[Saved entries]
:::::

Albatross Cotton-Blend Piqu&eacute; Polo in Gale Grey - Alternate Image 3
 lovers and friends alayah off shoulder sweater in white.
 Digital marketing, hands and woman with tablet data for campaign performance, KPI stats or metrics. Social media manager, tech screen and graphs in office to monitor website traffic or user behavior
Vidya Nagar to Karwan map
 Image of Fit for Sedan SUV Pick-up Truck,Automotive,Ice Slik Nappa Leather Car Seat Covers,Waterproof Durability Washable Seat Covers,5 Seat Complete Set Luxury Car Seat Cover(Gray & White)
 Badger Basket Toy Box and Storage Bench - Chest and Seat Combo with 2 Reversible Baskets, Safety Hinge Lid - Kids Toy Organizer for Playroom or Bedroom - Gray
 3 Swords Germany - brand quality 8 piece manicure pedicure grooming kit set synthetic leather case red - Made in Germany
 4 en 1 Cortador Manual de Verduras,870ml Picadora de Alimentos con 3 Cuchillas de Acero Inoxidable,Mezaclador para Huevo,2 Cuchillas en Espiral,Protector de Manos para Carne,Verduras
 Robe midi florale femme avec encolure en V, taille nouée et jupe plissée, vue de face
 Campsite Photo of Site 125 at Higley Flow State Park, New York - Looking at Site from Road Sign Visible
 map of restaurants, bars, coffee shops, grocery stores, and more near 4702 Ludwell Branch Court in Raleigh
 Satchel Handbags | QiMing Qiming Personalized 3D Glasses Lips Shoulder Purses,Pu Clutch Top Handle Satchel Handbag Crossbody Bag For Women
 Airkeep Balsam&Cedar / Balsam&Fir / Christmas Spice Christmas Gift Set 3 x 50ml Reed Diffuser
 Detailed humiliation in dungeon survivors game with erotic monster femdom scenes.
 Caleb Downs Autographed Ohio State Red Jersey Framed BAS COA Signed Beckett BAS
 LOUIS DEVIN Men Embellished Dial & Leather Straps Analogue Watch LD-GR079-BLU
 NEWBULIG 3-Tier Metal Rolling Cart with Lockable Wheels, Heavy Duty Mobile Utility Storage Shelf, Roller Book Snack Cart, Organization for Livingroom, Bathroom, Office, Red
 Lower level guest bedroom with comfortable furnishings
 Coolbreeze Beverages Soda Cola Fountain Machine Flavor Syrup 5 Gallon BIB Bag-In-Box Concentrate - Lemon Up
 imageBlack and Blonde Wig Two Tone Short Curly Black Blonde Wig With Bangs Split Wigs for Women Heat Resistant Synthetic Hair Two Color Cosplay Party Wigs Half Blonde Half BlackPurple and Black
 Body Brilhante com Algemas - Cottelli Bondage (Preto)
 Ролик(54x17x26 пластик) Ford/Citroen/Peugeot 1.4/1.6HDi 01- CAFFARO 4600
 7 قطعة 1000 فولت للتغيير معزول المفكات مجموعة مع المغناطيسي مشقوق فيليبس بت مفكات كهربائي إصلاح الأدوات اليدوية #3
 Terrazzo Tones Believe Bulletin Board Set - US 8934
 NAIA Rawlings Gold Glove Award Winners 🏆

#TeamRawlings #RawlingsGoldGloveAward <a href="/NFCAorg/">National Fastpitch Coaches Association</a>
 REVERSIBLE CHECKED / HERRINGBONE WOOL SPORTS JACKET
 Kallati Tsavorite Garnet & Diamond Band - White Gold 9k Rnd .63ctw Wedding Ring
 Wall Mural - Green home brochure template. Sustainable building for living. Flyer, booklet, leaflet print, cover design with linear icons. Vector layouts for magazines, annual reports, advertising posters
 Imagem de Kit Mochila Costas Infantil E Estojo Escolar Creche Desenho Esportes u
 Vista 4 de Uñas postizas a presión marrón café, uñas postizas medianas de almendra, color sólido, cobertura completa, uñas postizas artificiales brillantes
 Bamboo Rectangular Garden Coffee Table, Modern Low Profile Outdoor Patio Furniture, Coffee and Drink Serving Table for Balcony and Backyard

:::::

[Task goal]
Exactly the lines from the one containing "Body Brilhante com" to the final line of the entries must be restated, and no others.

[Completed exercise]
 Body Brilhante com Algemas - Cottelli Bondage (Preto)
 Ролик(54x17x26 пластик) Ford/Citroen/Peugeot 1.4/1.6HDi 01- CAFFARO 4600
 7 قطعة 1000 فولت للتغيير معزول المفكات مجموعة مع المغناطيسي مشقوق فيليبس بت مفكات كهربائي إصلاح الأدوات اليدوية #3
 Terrazzo Tones Believe Bulletin Board Set - US 8934
 NAIA Rawlings Gold Glove Award Winners 🏆

#TeamRawlings #RawlingsGoldGloveAward <a href="/NFCAorg/">National Fastpitch Coaches Association</a>
 REVERSIBLE CHECKED / HERRINGBONE WOOL SPORTS JACKET
 Kallati Tsavorite Garnet & Diamond Band - White Gold 9k Rnd .63ctw Wedding Ring
 Wall Mural - Green home brochure template. Sustainable building for living. Flyer, booklet, leaflet print, cover design with linear icons. Vector layouts for magazines, annual reports, advertising posters
 Imagem de Kit Mochila Costas Infantil E Estojo Escolar Creche Desenho Esportes u
 Vista 4 de Uñas postizas a presión marrón café, uñas postizas medianas de almendra, color sólido, cobertura completa, uñas postizas artificiales brillantes
 Bamboo Rectangular Garden Coffee Table, Modern Low Profile Outdoor Patio Furniture, Coffee and Drink Serving Table for Balcony and Backyard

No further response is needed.